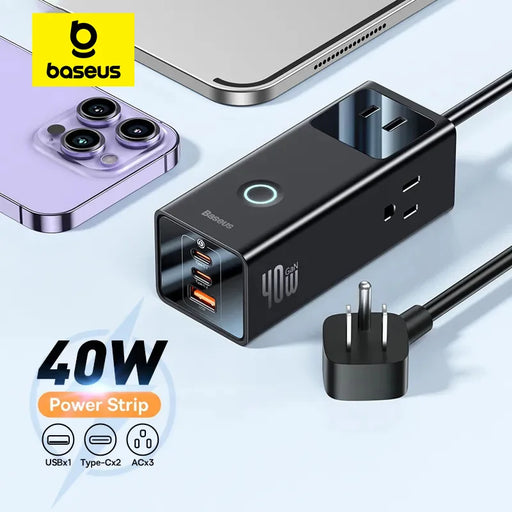 Baseus 40W Power Strip US JP Plug 1625W 3AC PowerStrip Extension Sockets Touch Control USB GaN Charger Fast Charging For iPhone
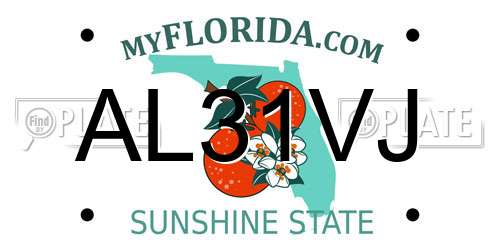 AL31VJ Florida License Plate
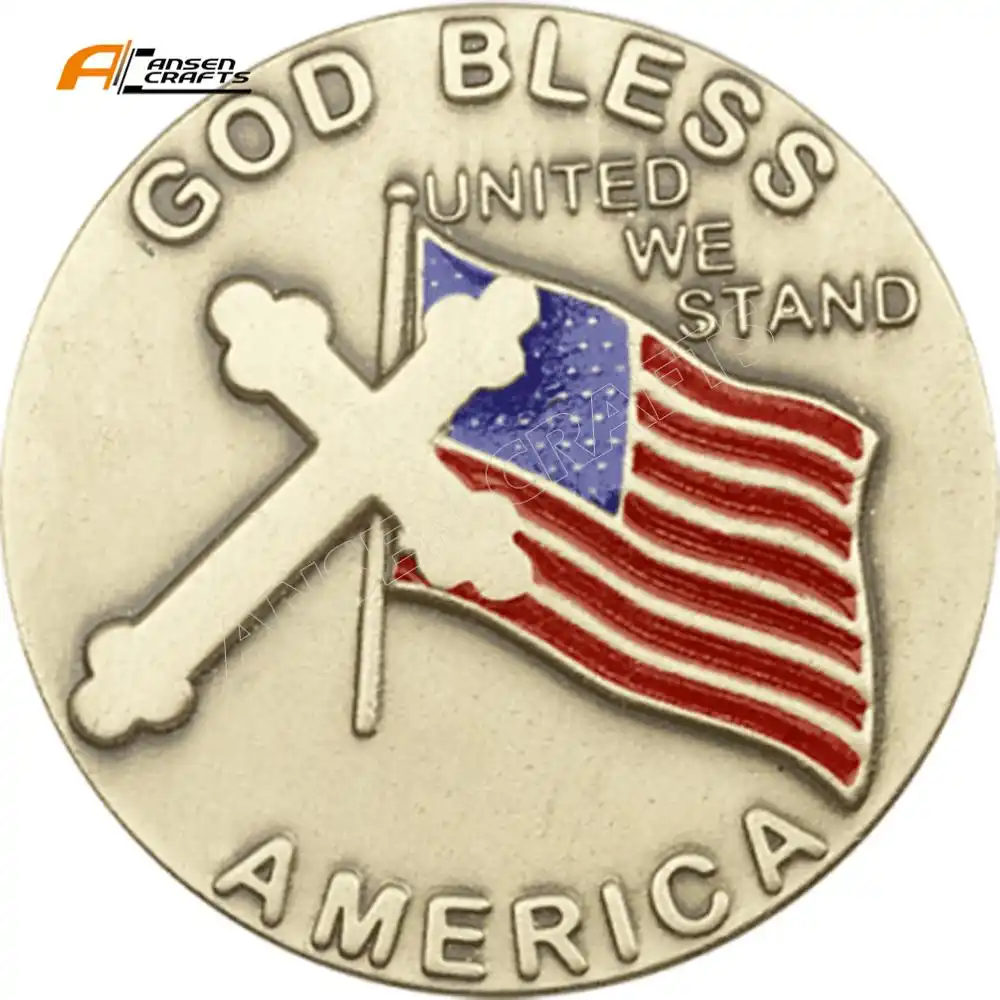 China Manufacturer Gold Silver Jesus Time Ancient Jesus Cross widow's mite coin with American Flag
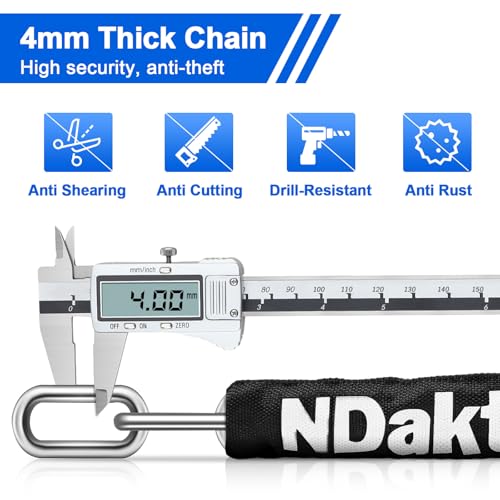 NDakter Bike Lock, 5 Digit Combination Heavy Duty Anti Theft Bicycle Chain Lock, 2.62/3.2/4.27/5/6Ft Long, High Security Resettable, Suitable for Bike, Scooter, Door, Gate, Fence-4/6mm Thick - Image 4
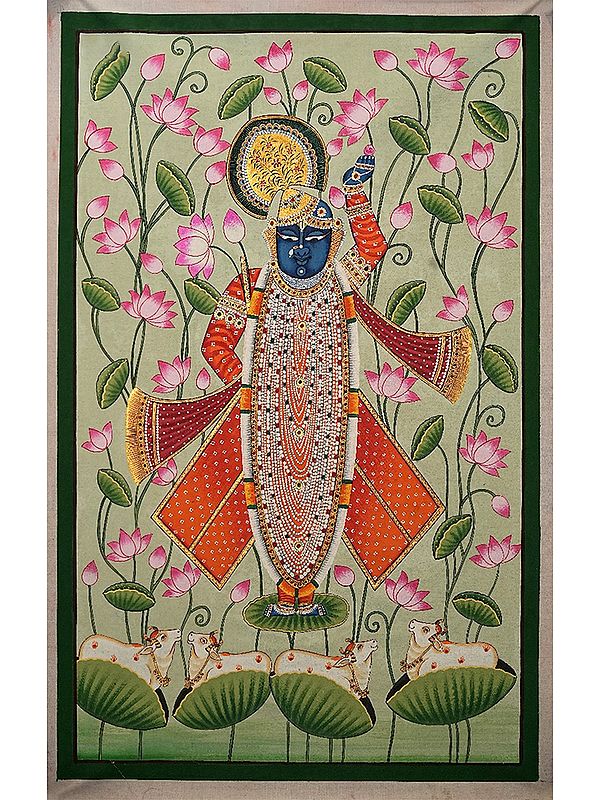 Lord Shrinathji with Cows | Pichwai Painting on Cotton | by Narendra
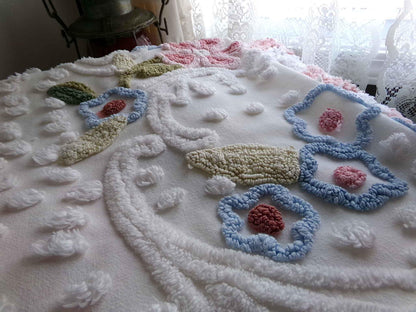 Dreamy Florals Vintage Chenille Material, 29" x 24" inch Fabric Piece, Beautifully Tufted Spring Flower Design on White Cotton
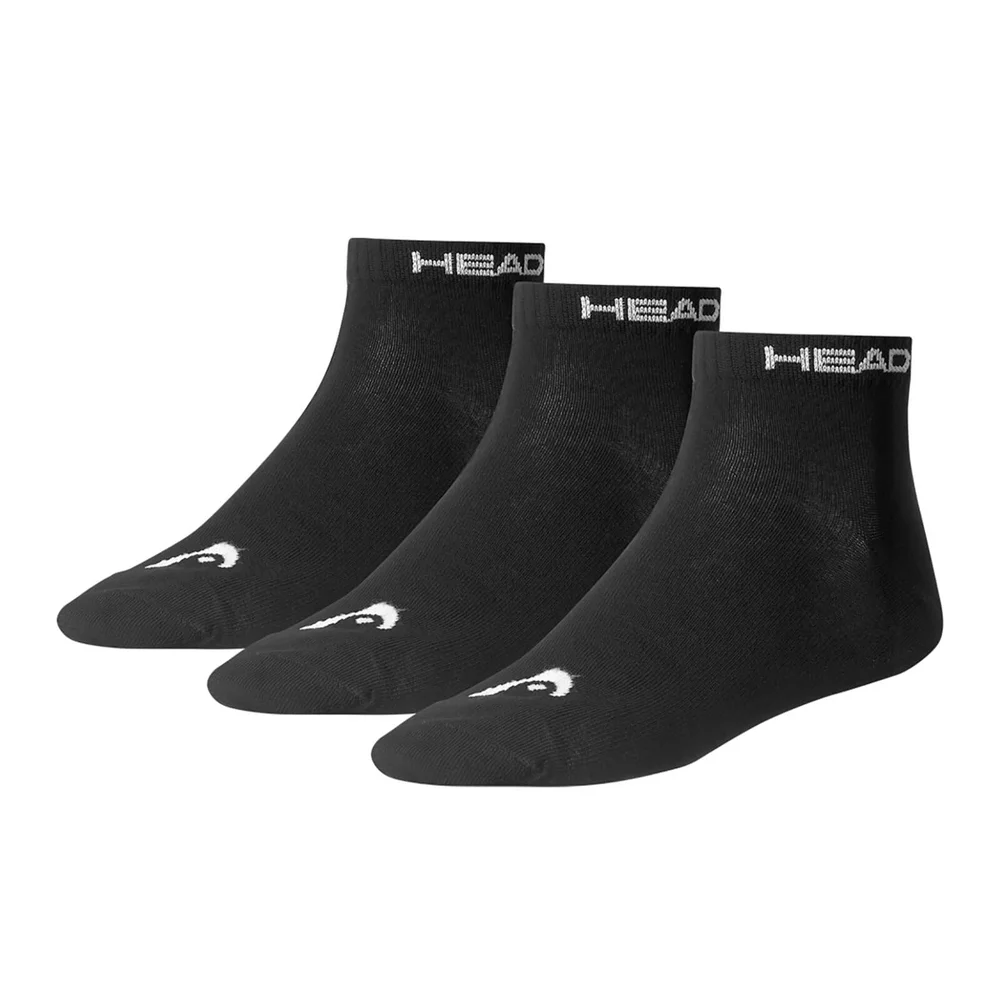Head Men's 3 Pack Quarter Socks - Black - UK 6-8 - Zwart Afbeelding 1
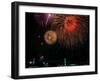 Fireworks Over Rainbow Bridge, Tokyo Bay, Japan-null-Framed Photographic Print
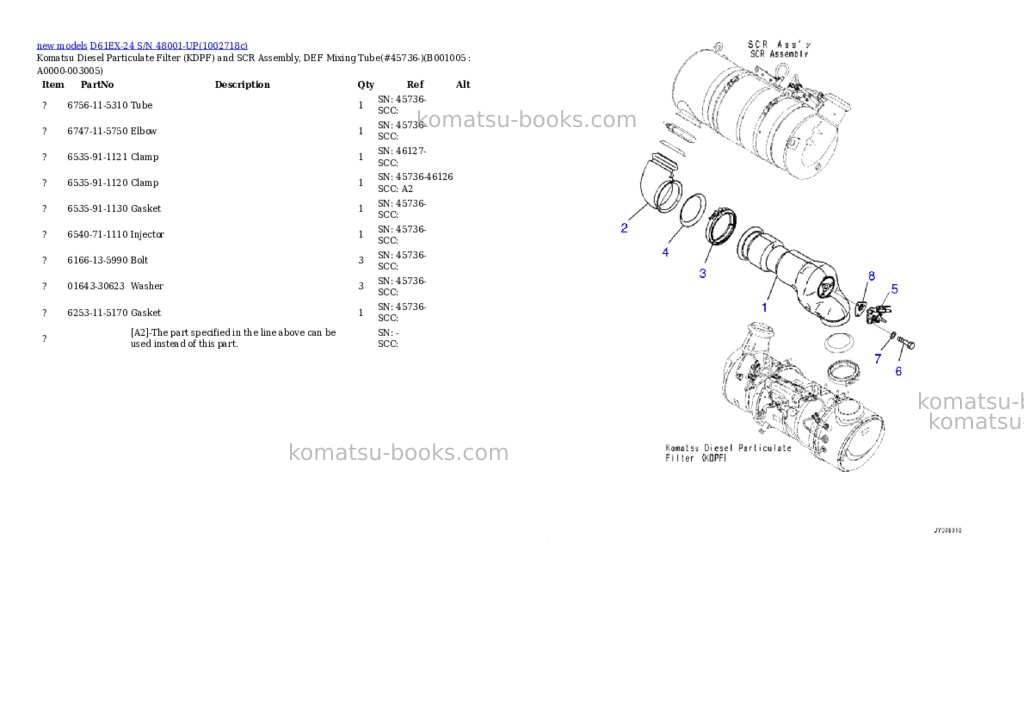 Komatsu D61EX-24 S/N 48001-UP Parts catalog cover Page 5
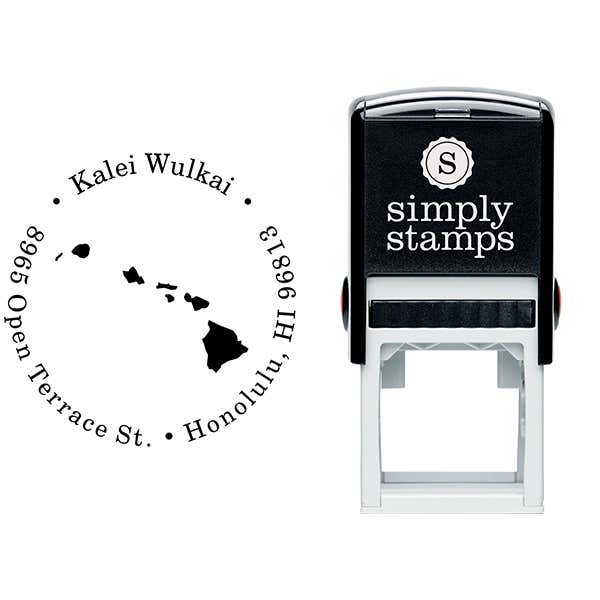 Hawaii Round Address Stamp Body and Design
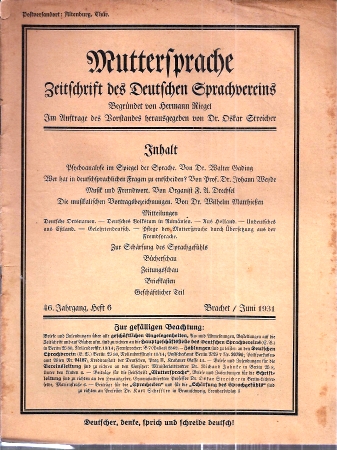 Muttersprache  Muttersprache 46.Jahrgang, Heft 6 Brachet / Juni 1931 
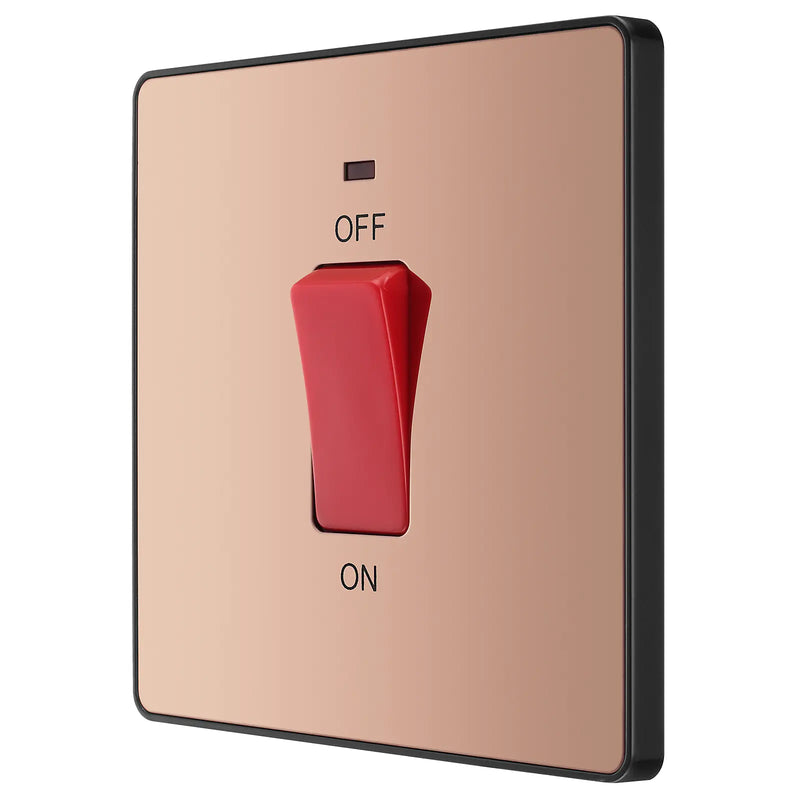BG Electrical Evolve Polished Copper - 45A, double pole, single plate, with indicator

EXERCISE AIM
Apart from the pictures, every line of the material above is to be returned word for word.

OUTPUT FOR THIS TASK
 Baseus 40W Power Strip US JP Plug 1625W 3AC PowerStrip Extension Sockets Touch Control USB GaN Charger Fast Charging For iPhone
 AL31VJ Florida License Plate
 China Manufacturer Gold Silver Jesus Time Ancient Jesus Cross widow's mite coin with American Flag
 NDakter Bike Lock, 5 Digit Combination Heavy Duty Anti Theft Bicycle Chain Lock, 2.62/3.2/4.27/5/6Ft Long, High Security Resettable, Suitable for Bike, Scooter, Door, Gate, Fence-4/6mm Thick - Image 4
 Lord Shrinathji with Cows | Pichwai Painting on Cotton | by Narendra
 Dreamy Florals Vintage Chenille Material, 29" x 24" inch Fabric Piece, Beautifully Tufted Spring Flower Design on White Cotton
Head Men's 3 Pack Quarter Socks - Black - UK 6-8 - Zwart Afbeelding 1
 Fireworks Over Rainbow Bridge, Tokyo Bay, Japan-null-Framed Photographic Print
 Komatsu D61EX-24 S/N 48001-UP Parts catalog cover Page 5
 Hawaii Round Address Stamp Body and Design
 Muttersprache  Muttersprache 46.Jahrgang, Heft 6 Brachet / Juni 1931 
BG Electrical Evolve Polished Copper - 45A, double pole, single plate, with indicator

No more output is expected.